Recently I am seeing that Python is heavily pushed for all data science related things. Sometimes objectively Python may not be the best option especially for stats. It is hard to change something after it becomes the "norm" regardless of its usability.
The author's priorities are sensible, and indeed with that set of priorities, it makes sense to end up near R. However, they're not universal among data scientists. I've been a data scientist for eight years, and have found that this kind of plotting and dataframe wrangling is only part of the work. I find there is usually also some file juggling, parsing, and what the author calls "logistics". And R is terrible at logistics. It's also bad at writing maintainable software.
If you care more about logistics and maintenance, your conclusion is pushed towards Python - which still does okay in the dataframes department. If you're ALSO frequently concerned about speed, you're pushed towards Julia.
None of these are wrong priorities. I wish Julia was better at being R, but it isn't, and it's very hard to be both R and useful for general programming.
Edit: Oh, and I should mention: I also teach and supervise students, and I KEEP seeing students use pandas to solve non-table problems, like trying to represent a graph as a dataframe. Apparently some people are heavily drawn to use dataframes for everything - if you're one of those people, reevaluate your tools, but also, R is probably for you.
BTW AI is not helping and in fact is leading to a generation of scientists who know how to write prompts, but do not understand the code those prompts generate or have the ability to peer review it.
1. Is easy to read
2. Was easy to extend in languages that people who work with scientific data happen to like.
When I did my masters we hacked around in the numpy source and contributed here and there while doing astrophysics.
Stuff existed in Java and R, but we had learned C in the first semester and python was easier to read and contrary to MATLAB numpy did not need a license.
When data science came into the picture, the field was full of physicists that had done similar things.

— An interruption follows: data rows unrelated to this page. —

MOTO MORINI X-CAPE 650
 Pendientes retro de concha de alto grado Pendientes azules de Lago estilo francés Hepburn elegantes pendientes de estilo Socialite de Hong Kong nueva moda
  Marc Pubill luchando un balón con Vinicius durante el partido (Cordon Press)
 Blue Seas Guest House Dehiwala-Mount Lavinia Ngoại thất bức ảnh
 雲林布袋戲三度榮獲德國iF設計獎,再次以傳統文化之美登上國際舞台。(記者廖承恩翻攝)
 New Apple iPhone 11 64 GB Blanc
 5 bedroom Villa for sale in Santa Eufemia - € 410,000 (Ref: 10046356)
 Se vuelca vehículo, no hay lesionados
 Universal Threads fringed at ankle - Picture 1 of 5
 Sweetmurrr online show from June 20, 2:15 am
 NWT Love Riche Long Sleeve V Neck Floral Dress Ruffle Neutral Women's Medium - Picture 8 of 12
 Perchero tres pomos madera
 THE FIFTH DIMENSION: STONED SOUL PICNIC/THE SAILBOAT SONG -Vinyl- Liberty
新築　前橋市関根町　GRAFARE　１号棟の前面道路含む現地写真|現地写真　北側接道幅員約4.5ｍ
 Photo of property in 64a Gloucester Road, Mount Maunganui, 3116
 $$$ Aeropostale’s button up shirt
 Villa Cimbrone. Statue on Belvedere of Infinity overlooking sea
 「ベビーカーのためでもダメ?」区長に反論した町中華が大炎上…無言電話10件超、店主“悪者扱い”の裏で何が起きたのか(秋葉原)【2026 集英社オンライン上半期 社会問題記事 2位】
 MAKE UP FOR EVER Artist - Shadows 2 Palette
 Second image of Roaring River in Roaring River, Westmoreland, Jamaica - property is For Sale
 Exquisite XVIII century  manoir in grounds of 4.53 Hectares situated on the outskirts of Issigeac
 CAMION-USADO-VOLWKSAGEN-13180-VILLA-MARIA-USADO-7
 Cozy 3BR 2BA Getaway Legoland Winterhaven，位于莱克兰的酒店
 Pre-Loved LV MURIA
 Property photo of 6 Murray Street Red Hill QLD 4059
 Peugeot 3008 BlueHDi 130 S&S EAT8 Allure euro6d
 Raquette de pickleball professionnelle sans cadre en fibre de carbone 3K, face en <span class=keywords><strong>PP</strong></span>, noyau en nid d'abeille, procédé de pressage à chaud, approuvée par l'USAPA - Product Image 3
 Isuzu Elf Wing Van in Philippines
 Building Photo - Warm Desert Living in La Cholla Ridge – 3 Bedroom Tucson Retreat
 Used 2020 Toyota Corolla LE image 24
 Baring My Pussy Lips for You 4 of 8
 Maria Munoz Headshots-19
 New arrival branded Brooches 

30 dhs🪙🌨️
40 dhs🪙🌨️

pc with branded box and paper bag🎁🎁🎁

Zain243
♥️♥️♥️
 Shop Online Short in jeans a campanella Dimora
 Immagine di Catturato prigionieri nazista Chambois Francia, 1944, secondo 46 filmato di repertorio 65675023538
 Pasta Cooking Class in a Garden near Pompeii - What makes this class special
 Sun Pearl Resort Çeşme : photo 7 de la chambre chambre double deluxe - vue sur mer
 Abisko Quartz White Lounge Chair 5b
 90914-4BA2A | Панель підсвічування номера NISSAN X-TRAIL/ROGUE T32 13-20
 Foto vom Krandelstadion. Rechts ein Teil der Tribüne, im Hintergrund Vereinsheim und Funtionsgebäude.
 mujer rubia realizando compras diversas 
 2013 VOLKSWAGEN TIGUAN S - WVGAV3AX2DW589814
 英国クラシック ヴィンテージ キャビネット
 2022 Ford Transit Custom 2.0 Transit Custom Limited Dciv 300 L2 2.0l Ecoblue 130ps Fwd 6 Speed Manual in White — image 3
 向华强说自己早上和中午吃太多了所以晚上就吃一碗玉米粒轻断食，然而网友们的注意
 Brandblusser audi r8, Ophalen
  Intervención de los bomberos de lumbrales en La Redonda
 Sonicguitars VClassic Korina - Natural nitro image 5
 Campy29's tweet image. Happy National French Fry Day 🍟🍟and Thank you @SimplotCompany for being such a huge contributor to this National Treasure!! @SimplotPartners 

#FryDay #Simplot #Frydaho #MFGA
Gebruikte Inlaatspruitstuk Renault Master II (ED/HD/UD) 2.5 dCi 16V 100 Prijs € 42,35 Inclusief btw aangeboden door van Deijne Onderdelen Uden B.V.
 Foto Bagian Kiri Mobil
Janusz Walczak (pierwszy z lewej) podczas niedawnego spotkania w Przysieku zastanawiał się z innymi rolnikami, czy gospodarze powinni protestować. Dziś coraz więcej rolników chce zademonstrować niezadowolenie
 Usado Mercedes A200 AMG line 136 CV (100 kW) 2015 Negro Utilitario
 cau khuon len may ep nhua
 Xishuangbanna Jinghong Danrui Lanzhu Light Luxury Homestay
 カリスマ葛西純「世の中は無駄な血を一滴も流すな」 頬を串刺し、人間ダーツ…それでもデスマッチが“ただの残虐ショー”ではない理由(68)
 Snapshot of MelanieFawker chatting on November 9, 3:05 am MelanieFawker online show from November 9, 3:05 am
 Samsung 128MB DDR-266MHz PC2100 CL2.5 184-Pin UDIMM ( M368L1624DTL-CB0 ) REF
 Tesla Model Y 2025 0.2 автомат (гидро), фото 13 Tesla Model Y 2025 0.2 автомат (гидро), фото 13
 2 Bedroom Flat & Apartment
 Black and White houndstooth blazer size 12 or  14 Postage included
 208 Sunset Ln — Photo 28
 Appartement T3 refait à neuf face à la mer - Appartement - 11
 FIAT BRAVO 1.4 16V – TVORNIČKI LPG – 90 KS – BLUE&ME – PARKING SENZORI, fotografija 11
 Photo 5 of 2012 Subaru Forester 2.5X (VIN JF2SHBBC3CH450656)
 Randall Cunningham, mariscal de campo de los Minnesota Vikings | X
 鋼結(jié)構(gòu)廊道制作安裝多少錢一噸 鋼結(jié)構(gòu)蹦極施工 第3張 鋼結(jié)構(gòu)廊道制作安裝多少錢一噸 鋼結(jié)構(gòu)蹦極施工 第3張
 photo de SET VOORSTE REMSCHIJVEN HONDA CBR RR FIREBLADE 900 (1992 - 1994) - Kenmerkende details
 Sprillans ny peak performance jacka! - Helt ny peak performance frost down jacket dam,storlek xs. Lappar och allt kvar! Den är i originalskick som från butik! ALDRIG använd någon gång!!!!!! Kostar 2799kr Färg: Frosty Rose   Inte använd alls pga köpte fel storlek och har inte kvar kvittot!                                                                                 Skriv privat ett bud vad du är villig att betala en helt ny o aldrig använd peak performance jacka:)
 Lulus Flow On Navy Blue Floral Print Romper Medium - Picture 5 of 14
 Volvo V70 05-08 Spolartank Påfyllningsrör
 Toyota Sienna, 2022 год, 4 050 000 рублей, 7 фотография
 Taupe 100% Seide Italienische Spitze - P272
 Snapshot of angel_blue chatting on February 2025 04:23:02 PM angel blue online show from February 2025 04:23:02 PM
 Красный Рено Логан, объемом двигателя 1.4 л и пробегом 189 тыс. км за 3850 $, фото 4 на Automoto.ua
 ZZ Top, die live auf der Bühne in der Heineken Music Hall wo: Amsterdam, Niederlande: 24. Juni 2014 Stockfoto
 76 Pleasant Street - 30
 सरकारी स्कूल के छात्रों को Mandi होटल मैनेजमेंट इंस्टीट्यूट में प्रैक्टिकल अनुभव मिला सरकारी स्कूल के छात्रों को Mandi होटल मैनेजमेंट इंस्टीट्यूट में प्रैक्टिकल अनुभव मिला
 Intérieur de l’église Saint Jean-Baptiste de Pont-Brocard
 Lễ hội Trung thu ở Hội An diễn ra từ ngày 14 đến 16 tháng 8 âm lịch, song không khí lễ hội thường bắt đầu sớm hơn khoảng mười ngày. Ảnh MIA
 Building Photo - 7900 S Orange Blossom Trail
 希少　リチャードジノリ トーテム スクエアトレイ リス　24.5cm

They brought their tools as did others.
My take (and my own experience) is that python won because the rest of the team knows it. I prefer R but our web developers don't know it, and it's way better for me to write code that the rest of our team can review, extend, and maintain.
[Data Preparation] --> [Data Analysis] --> [Result Preparation]
Neither Python or R does a good job at all of these.
The original article seems to focus on challenges in using Python for data preparation/processing, mostly pointing out challenges with Pandas and "raw" Python code for data processing.
This could be solved by switching to something like duckdb and SQL to process data.
As far as data analysis, both Python and R have their own niches, depending on field. Similarly, there are other specialized languages (e.g., SAS, Matlab) that are still used for domain-specific applications.
I personally find result preparation somewhat difficult in both Python and R. Stargazer is ok for exporting regression tables but it's not really that great. Graphing is probably better in R within the ggplot universe (I'm aware of the python port).
I can't help to conclude that Python is as good as R because I still have the choice of using Pandas when I need it. What did I get wrong?
also, we didn't define "good".
Python, the language itself, might not be a great language for data science. BUT the author can use Pandas or Polars or another data-science-related library/framework in Python to get the job done that s/he was trying to write in R. I could read both her R and Pandas code snippets and understand them equally.
This article reads just like, "Hey, I'm cooking everything by making all ingredients from scratch and see how difficult it is!".
Now, is Python a SUCCESSFUL language? Very.
> Either way, I’ll not discuss it further here. I’ll also not consider proprietary languages such as Matlab or Mathematica, or fairly obscure languages lacking a wide ecosystem of useful packages, such as Octave.
I feel, to most programming folks R is in the same category. R is to them what Octave is to the author. R is nice nice, but do they really want to learn a "niche" language, even if it has better some features than Python? Is holding a whole new paradigm, syntax, library ecosystem in your head worth it?
lenerdenator•1h ago
Python doesn't need to be the best at any one thing; it just has to be serviceable for a lot of things. You can take someone who has expertise in a completely different domain in software (web dev, devops, sysadmin, etc.) and introduce them to the data science domain without making them learn an entirely new language and toolchain.
dmurray•1h ago
It's used in data science because it's used in data science.
mohaine•1h ago
Use whatever you want on your one off personal projects but use something more non-data science friendly if you ever want your model to run directly in a production workflow.
Productionizing R models is quite painful. The normal way is to just rewrite it not in R.
lenerdenator•1h ago
vkazanov•56m ago
And it got this unprecedented level of support because right from the start it made its focus clear syntax and (perceived) simplicity.
There is also a sort of cumulative effect from being nice for algorithmic work.
Guido's long-term strategy won over numerous other strong candidates for this role.